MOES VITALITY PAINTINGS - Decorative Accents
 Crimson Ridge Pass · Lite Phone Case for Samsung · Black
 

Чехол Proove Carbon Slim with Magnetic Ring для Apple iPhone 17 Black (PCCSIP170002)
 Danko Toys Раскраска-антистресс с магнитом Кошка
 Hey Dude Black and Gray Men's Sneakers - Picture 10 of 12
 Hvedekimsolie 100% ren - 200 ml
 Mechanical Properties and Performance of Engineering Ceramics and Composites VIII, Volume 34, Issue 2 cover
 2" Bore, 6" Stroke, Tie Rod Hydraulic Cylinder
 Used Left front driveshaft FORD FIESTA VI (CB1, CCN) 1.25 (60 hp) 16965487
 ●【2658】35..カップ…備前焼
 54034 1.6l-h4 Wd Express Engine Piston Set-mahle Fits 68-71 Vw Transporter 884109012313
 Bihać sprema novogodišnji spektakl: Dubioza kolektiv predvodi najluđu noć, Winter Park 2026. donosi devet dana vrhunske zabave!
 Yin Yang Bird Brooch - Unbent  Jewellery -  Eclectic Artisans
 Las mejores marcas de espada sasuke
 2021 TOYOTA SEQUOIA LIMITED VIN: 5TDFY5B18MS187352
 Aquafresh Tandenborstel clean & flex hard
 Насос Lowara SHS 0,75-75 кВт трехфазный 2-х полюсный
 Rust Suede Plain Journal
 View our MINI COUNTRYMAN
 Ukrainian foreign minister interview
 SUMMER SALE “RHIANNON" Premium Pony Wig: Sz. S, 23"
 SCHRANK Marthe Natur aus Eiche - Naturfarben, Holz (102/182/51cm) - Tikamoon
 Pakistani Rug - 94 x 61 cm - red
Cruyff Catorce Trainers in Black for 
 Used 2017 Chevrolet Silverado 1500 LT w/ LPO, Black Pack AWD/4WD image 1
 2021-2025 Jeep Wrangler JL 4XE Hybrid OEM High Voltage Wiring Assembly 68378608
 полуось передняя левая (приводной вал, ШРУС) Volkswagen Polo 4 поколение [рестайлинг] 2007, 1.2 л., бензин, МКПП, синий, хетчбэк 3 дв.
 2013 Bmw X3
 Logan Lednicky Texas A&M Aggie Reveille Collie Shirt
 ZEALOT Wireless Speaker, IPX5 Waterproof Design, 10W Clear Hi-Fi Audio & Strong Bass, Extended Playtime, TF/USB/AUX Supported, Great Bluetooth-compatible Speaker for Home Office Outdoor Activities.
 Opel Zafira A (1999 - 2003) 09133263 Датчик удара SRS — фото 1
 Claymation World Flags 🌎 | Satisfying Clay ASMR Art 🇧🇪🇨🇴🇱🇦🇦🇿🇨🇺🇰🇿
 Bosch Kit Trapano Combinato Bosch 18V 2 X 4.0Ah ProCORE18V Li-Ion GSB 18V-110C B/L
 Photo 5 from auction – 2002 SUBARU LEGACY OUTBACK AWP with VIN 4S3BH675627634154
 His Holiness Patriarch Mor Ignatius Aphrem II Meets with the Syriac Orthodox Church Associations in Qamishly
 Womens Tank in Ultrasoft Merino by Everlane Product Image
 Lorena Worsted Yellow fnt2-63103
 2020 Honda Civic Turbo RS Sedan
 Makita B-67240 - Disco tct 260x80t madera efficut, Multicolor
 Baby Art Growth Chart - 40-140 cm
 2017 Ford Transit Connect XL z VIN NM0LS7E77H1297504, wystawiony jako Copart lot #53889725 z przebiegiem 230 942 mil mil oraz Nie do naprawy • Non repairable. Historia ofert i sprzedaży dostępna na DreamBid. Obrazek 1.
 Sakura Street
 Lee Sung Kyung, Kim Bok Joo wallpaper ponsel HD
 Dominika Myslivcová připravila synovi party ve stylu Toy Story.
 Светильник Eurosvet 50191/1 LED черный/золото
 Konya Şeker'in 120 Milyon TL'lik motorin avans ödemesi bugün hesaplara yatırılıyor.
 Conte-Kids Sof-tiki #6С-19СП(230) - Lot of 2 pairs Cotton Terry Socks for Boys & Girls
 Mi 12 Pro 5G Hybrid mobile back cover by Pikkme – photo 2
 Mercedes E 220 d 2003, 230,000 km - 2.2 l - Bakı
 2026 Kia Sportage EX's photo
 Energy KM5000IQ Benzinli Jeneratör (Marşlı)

» ABOUT THIS TASK
The line with "Logan Lednicky Texas", plus every line after it through the end of the listing, needs to be repeated exactly; nothing else belongs in the reply.

» FINAL ANSWER
 Logan Lednicky Texas A&M Aggie Reveille Collie Shirt
 ZEALOT Wireless Speaker, IPX5 Waterproof Design, 10W Clear Hi-Fi Audio & Strong Bass, Extended Playtime, TF/USB/AUX Supported, Great Bluetooth-compatible Speaker for Home Office Outdoor Activities.
 Opel Zafira A (1999 - 2003) 09133263 Датчик удара SRS — фото 1
 Claymation World Flags 🌎 | Satisfying Clay ASMR Art 🇧🇪🇨🇴🇱🇦🇦🇿🇨🇺🇰🇿
 Bosch Kit Trapano Combinato Bosch 18V 2 X 4.0Ah ProCORE18V Li-Ion GSB 18V-110C B/L
 Photo 5 from auction – 2002 SUBARU LEGACY OUTBACK AWP with VIN 4S3BH675627634154
 His Holiness Patriarch Mor Ignatius Aphrem II Meets with the Syriac Orthodox Church Associations in Qamishly
 Womens Tank in Ultrasoft Merino by Everlane Product Image
 Lorena Worsted Yellow fnt2-63103
 2020 Honda Civic Turbo RS Sedan
 Makita B-67240 - Disco tct 260x80t madera efficut, Multicolor
 Baby Art Growth Chart - 40-140 cm
 2017 Ford Transit Connect XL z VIN NM0LS7E77H1297504, wystawiony jako Copart lot #53889725 z przebiegiem 230 942 mil mil oraz Nie do naprawy • Non repairable. Historia ofert i sprzedaży dostępna na DreamBid. Obrazek 1.
 Sakura Street
 Lee Sung Kyung, Kim Bok Joo wallpaper ponsel HD
 Dominika Myslivcová připravila synovi party ve stylu Toy Story.
 Светильник Eurosvet 50191/1 LED черный/золото
 Konya Şeker'in 120 Milyon TL'lik motorin avans ödemesi bugün hesaplara yatırılıyor.
 Conte-Kids Sof-tiki #6С-19СП(230) - Lot of 2 pairs Cotton Terry Socks for Boys & Girls
 Mi 12 Pro 5G Hybrid mobile back cover by Pikkme – photo 2
 Mercedes E 220 d 2003, 230,000 km - 2.2 l - Bakı
 2026 Kia Sportage EX's photo
 Energy KM5000IQ Benzinli Jeneratör (Marşlı)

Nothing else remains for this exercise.